### Exercise materials
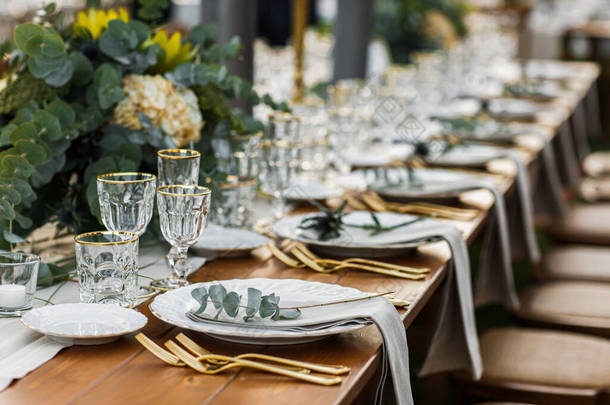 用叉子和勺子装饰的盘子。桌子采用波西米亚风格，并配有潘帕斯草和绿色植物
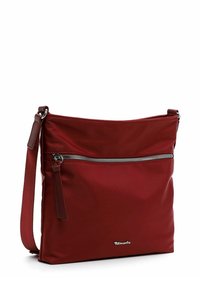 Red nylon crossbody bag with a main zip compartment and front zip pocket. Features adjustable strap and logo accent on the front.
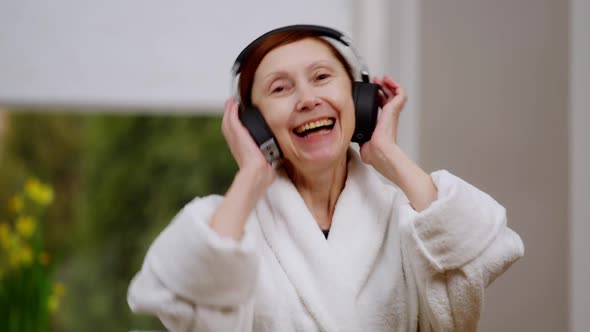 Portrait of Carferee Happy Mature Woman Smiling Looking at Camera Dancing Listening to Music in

* * *

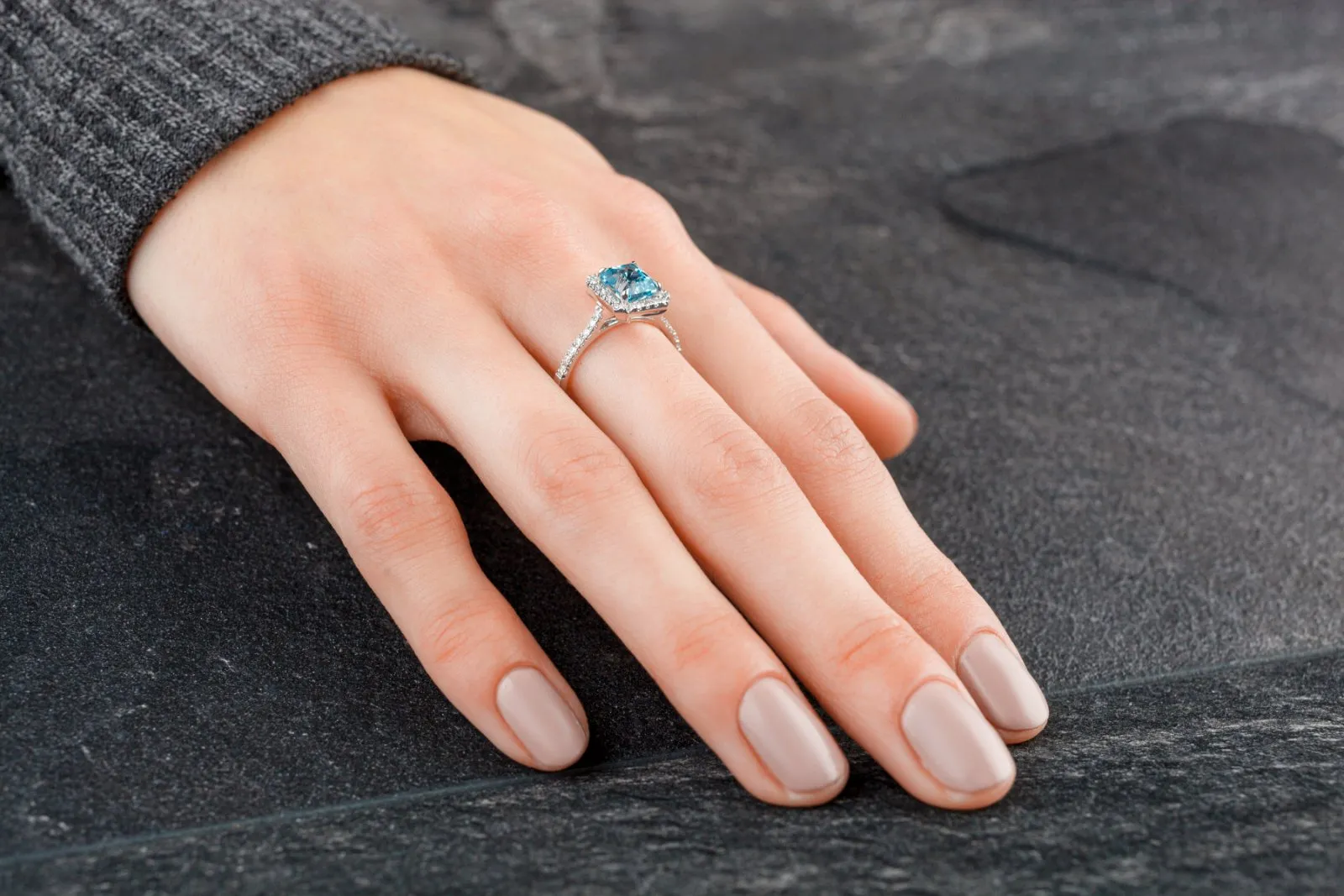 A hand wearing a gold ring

### Task statement
In the listing above, find the line with "Red nylon crossbody" and output every line through the one with "Portrait of Carferee", exactly, without the pictures.

### Solution for this exercise
 Red nylon crossbody bag with a main zip compartment and front zip pocket. Features adjustable strap and logo accent on the front.
 Portrait of Carferee Happy Mature Woman Smiling Looking at Camera Dancing Listening to Music in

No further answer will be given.